Crawled caption data
------------------------
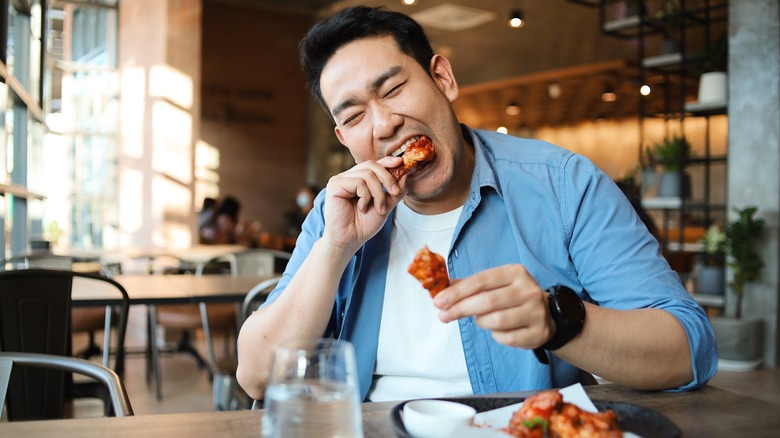 Happy,asian,man,eating,bbq,chicken,wings,in,restaurant.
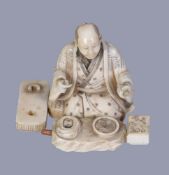 Y A Japanese Ivory Figure of a kneeling scholar surrounded by his inkstone and other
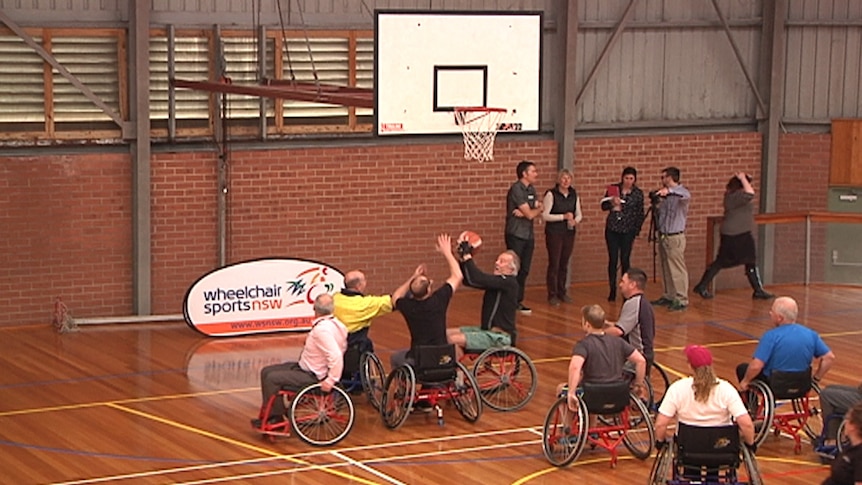 Gary Pearse attempts a pass at a wheelchair basketball game hosted by Wheelchair Sports NSW  in Bermagui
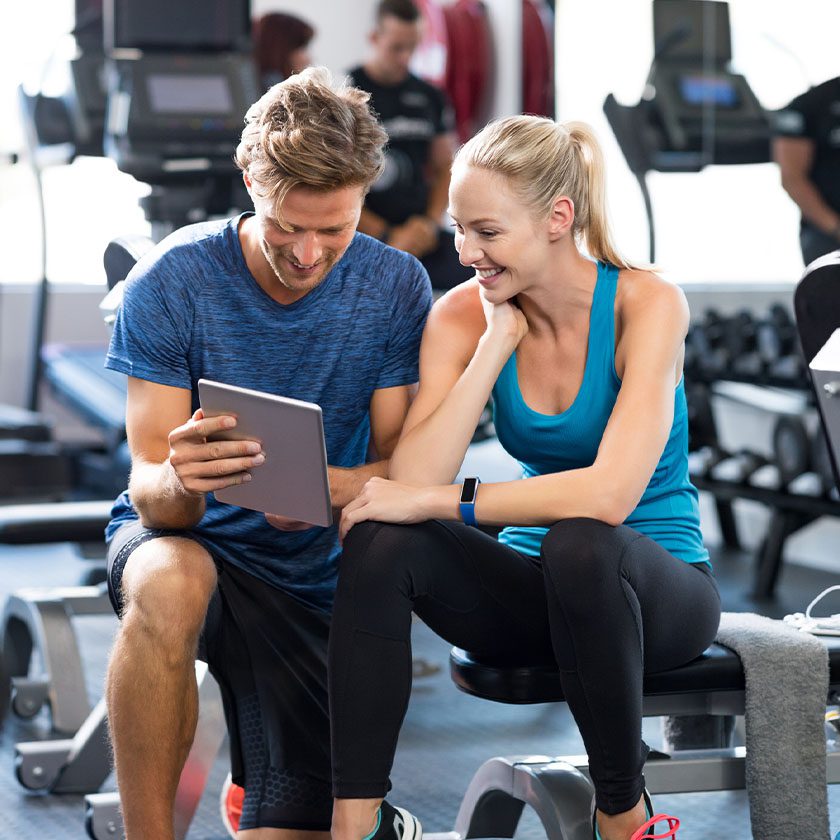 personal trainer helping a gym member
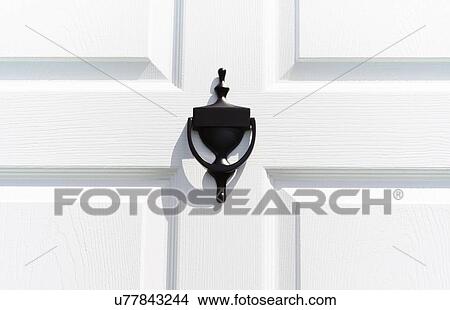 Picture - View of door knocker. Fotosearch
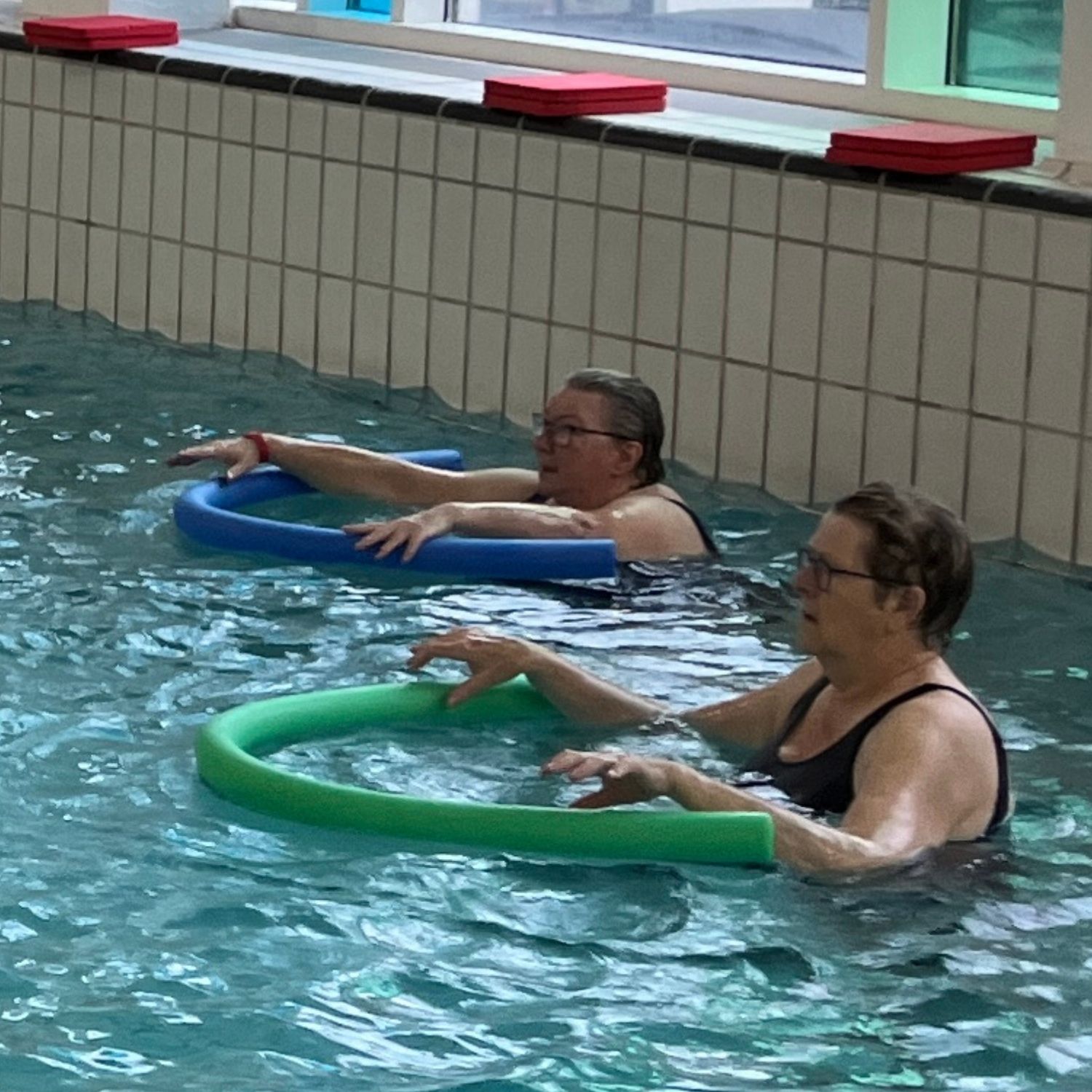 Kvinder der laver øvelser med skumnudler i vandbassin iført badedragter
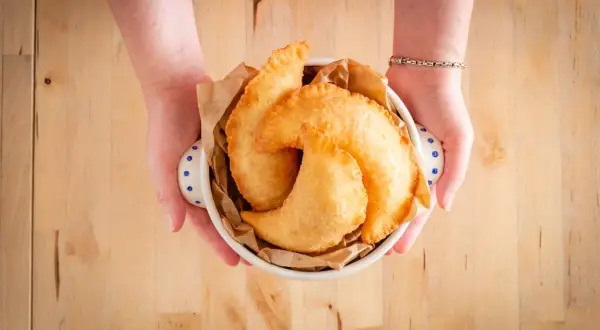 Mani che offrono un cestino di frittelle dorate, un sapore autentico di street food pugliese.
------------------------
## What you should do:
A verbatim copy of the data, with all pictures omitted, is the required output.

## Output:
 Happy,asian,man,eating,bbq,chicken,wings,in,restaurant.
 Y A Japanese Ivory Figure of a kneeling scholar surrounded by his inkstone and other
 Gary Pearse attempts a pass at a wheelchair basketball game hosted by Wheelchair Sports NSW  in Bermagui
 personal trainer helping a gym member
 Picture - View of door knocker. Fotosearch
 Kvinder der laver øvelser med skumnudler i vandbassin iført badedragter
 Mani che offrono un cestino di frittelle dorate, un sapore autentico di street food pugliese.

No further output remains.